- _What the exercise asks_
Begin at the line that contains "Short Afro Curly" and reproduce it along with every line after it to the end of the listing; skip any pictures.

- _Entries supplied_
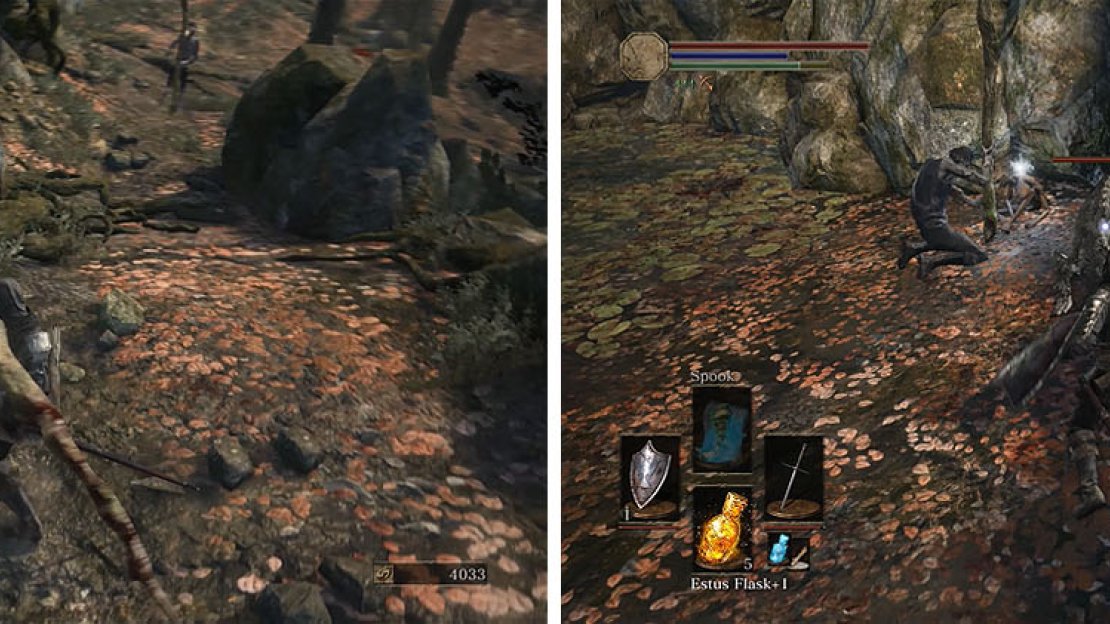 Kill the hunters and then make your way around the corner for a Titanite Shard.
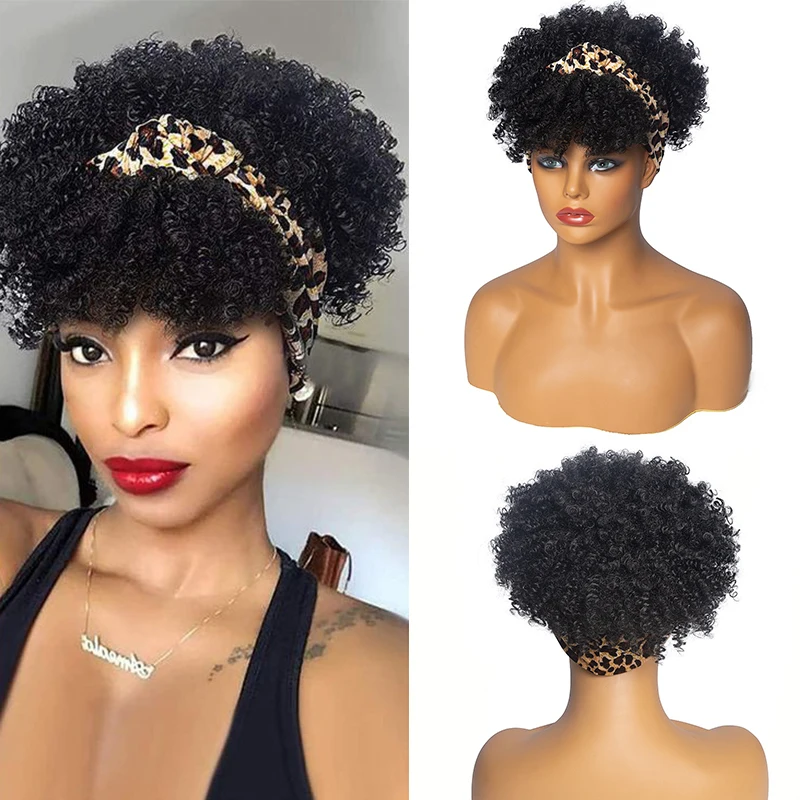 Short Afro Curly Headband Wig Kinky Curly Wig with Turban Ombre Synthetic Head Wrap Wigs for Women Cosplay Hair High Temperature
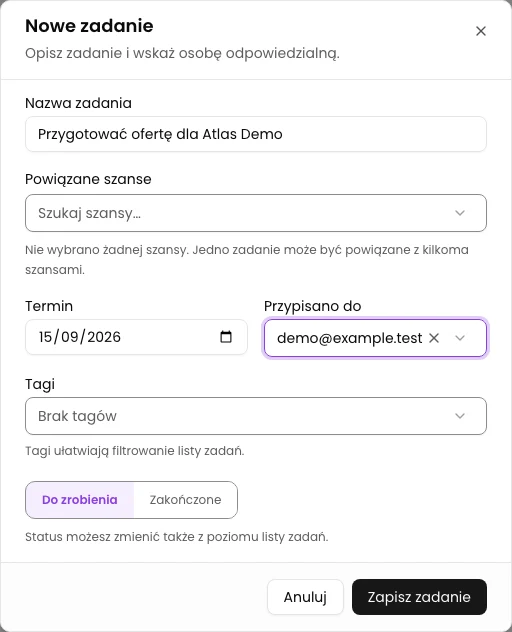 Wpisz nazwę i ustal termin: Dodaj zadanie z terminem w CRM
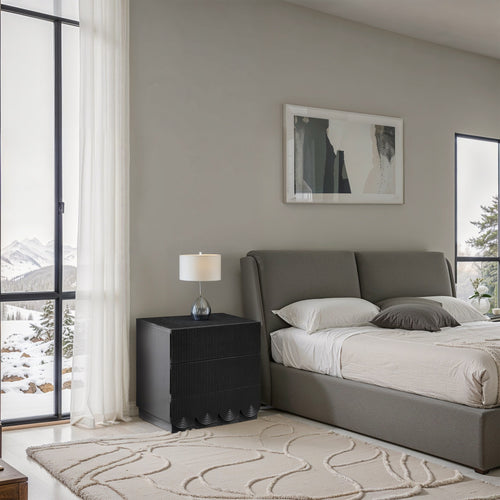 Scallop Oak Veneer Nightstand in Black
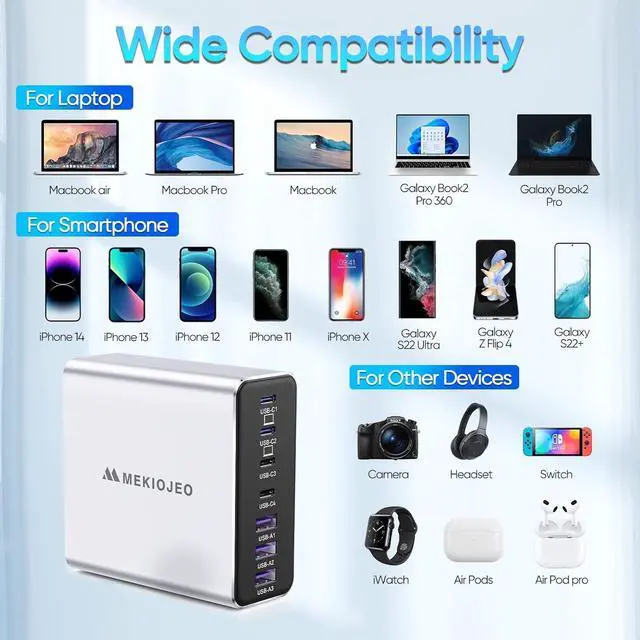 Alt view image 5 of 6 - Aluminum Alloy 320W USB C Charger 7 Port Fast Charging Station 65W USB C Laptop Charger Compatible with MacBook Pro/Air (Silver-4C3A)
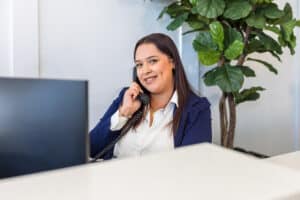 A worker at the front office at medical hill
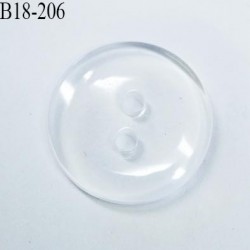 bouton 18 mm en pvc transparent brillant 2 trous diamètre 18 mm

- _Task answer_
 Short Afro Curly Headband Wig Kinky Curly Wig with Turban Ombre Synthetic Head Wrap Wigs for Women Cosplay Hair High Temperature
 Wpisz nazwę i ustal termin: Dodaj zadanie z terminem w CRM
 Scallop Oak Veneer Nightstand in Black
 Alt view image 5 of 6 - Aluminum Alloy 320W USB C Charger 7 Port Fast Charging Station 65W USB C Laptop Charger Compatible with MacBook Pro/Air (Silver-4C3A)
 A worker at the front office at medical hill
 bouton 18 mm en pvc transparent brillant 2 trous diamètre 18 mm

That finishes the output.